Dès lors on doit moins s’étonner de la quantité de monumens enfermés dans les départemens qui ont pris le nom et les dérivations du nom de la Loire. A chaque pas que l’on fait dans ce pays d’enchantement on découvre un tableau dont une rivière est la bordure, ou un ovale tranquille qui réfléchit dans ses profondeurs liquides un château, ses tourelles, ses bois ou ses eaux jaillissantes. Il était naturel que là où vivait de préférence la royauté, où elle établit si long-temps sa cour, vinssent se grouper les hautes fortunes, les distinctions de race et de mérite, et qu’elles y élevassent des palais grands comme elles.
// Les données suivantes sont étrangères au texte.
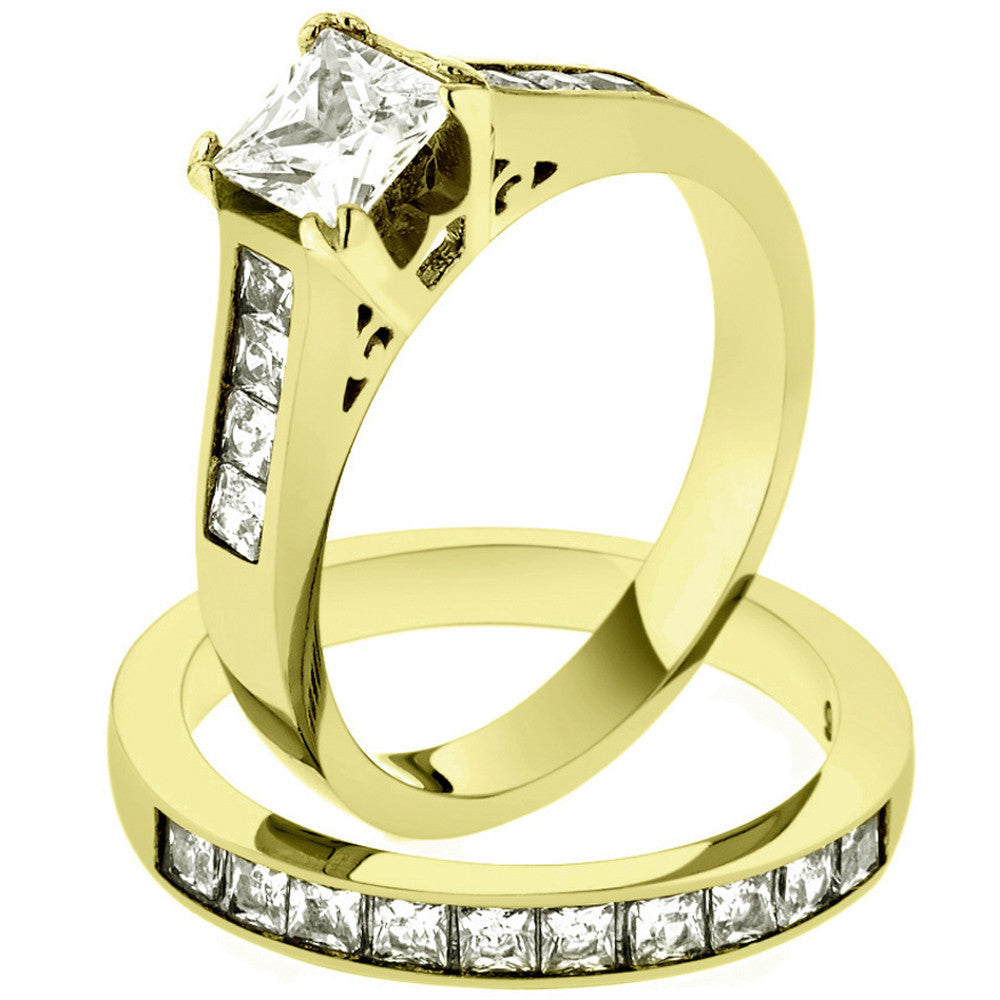 2.50 CT PRINCESS CUT ZIRCONIA 14K GOLD PLATED STAINLESS STEEL WEDDING RING SET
Penché sur un coteau qui descend vers la Loire, le château d’Ussé prolonge l’ombre de ses gigantesques murailles sur les claires eaux de l’Indre. Il regarde Tours et Saumur à travers le rideau sombre de forêts dont il est entouré. Mais le murmure des fontaines qui écument à ses pieds, les mille voix harmonieuses des oiseaux et du vent, concert éternel suspendu sur deux rives jalouses de le balancer, n’ont retenu aucun souvenir de ses premiers jours de splendeur. Si l’architecture d’Ussé remonte au Xe siècle, aucun fait ne colore cette date sans relief et n’autorise à placer ce château sur une ligne historique aussi haute. Grâce au nom que porte la plus grosse tour, la tour Gauville, il est permis à la tradition de croire que ce nom était celui d’un ancien seigneur, maître de cette superbe résidence. Ussé d’ailleurs embarrasserait beaucoup le collecteur de monumens, obligé de le classer dans le musée archéologique où il méritait d’obtenir une place, et une des premières par ses dimensions, encore plus que par les événemens dont il fut témoin. Tous les Gelduin de Saumur, premier et deuxième du nom, seigneurs d’Ussé, tous les Jacques d’Espinay, possesseurs du château, depuis la fin du XVe siècle jusqu’à la fin du XVIe, fondateurs de chapelle et de collégiale, tous les sires de Rieux seigneurs de Rochefort et d’Ancenis, tous les Bernin de Valentinay, sauf celui qui s’anoblit une seconde fois en épousant Jeanne-Françoise, fille aînée du maréchal de Vauban, n’excitent, ni ensemble ni isolément, le moindre intérêt historique. Sans Vauban, qui dans ses rudes loisirs le nuança d’une teinte militaire assez peu en rapport du reste avec les travaux primitifs, le château d’Ussé désespérerait par sa nullité. C’est le roi fainéant des châteaux, et un roi fainéant sans maire du palais. Heureux les peuples, s’écrie Montesquieu, dont l’histoire se réduit à quelques pages! Heureux les peuples, sans doute; mais les historiens?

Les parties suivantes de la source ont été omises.